L'ancien monde possède encore pleins de mystères pour moi, tout est toujours resté flou ou vague. En tout cas je sais une chose, le Cerebrum n'est pas nocif comme l'était ce monde. Le grand dôme de verre au dessus de nos têtes, presque invisible, nous protège du danger. Le système du Cerebrum nous assure stabilité et bonheur pour l'avenir, j'en suis sûre.

Je suis lentement ma mère en regardant le sol, je n'ose pas le dire mais, c'est sûrement elle qui me manquera le plus. J'ai toujours trouvé sa beauté irréelle, ses cheveux noisettes et ses yeux verts n'ont jamais vieilli à ma connaissance, pas un seul cheveu blanc ou une seule ride. Comme une poupée.
Armée de mon sac de voyage, je prends instinctivement la main de ma mère et nous rentrons dans le grand bâtiment pouvant réunir la population. C'est ici que ma vie actuelle s'arrête. Ici, je m'engage à l'armée.

Je ne vois aucun de mes amis, mais peu importe.

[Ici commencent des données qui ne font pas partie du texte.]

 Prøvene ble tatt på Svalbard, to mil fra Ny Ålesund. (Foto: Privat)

J'imagine que j'aurai des permissions pour revenir et tous les revoir. J'arrive devant une grande table beige à laquelle sont attablées deux personnes, un homme et une femme visiblement pas commodes. Ils ne parlent même pas et me tendent juste un document. Il y était noté en gros titre : "L'armée, assurance de votre avenir".

Ils n'ont pas tort car Brain propose un très beau confort de vie aux militaires retraités, mais il assure également la sécurité de nos familles. Cet homme a toujours eu grand cœur, la preuve : il a en parti sauvé l'humanité, la faune et le flore.

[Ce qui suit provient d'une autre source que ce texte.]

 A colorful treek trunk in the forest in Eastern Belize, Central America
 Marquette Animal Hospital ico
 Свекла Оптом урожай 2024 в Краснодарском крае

Sur le papier était demandé une signature, mes mains moites prennent le stylo qu'ils me proposent. Je signe, la panique m'envahit. Je n'ai jamais pris de vrais décisions comme celle-là, j'ai le sentiment de prendre enfin de l'importance, de ne plus être insignifiante. Je tente de sourire amicalement aux deux personnes en face de moi mais ils me regardent simplement dans le blanc des yeux.

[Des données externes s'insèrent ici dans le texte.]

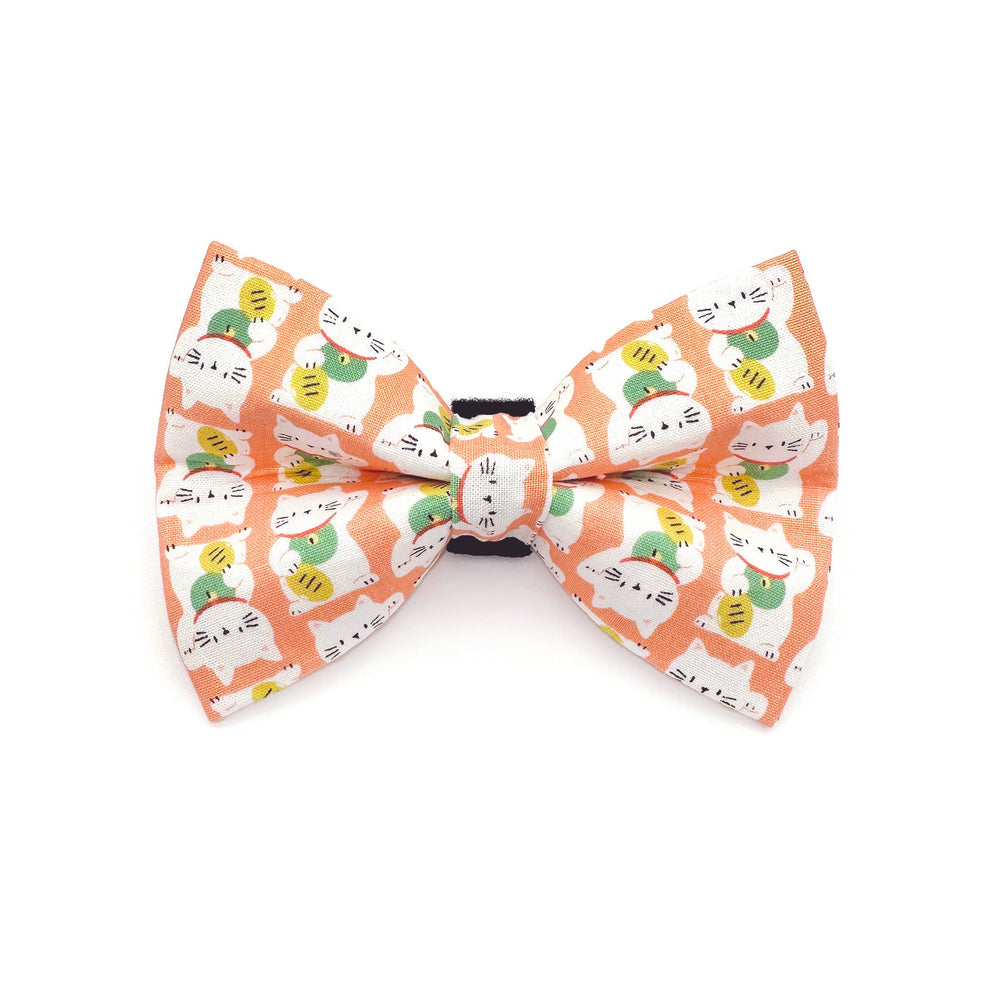 WINTHROP Lucky Cat Bow Tie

Nous nous sommes rapidement arrêtés devant l'hôtel des nourrices, un grand bâtiment qui regroupent les nourrices du système. En effet, c'est une profession très répandue dans le Dôme, une des premières offres qui sont proposées aux jeunes adultes. Je viens voir ma nourrice une dernière fois, Rosia Humfeld. Je l'ai toujours connu, quand ma mère devait travailler à l'usine, je passais mes journées avec elle. Elle semble afficher une mine triste quand je l'aperçois. Je cours jusque dans ses bras.

— Victoria ! Je ne pensais pas te voir aujourd'hui ! s'exclame Rosia dans un soupir.

— Je devais absolument te serrer dans mes bras une dernière fois...murmurai-je avec soulagement.

— Ne dis pas n'importe quoi ! répond-elle en tapotant mon dos avec la gentillesse que je connais tant.

— Demain dès l'aube, je partirai pour l'armée, annonçai-je avec un ton plus grave.

— Je m'en doutais déjà...et je suis sûre que tu seras remarquable là-bas, termine-t-elle.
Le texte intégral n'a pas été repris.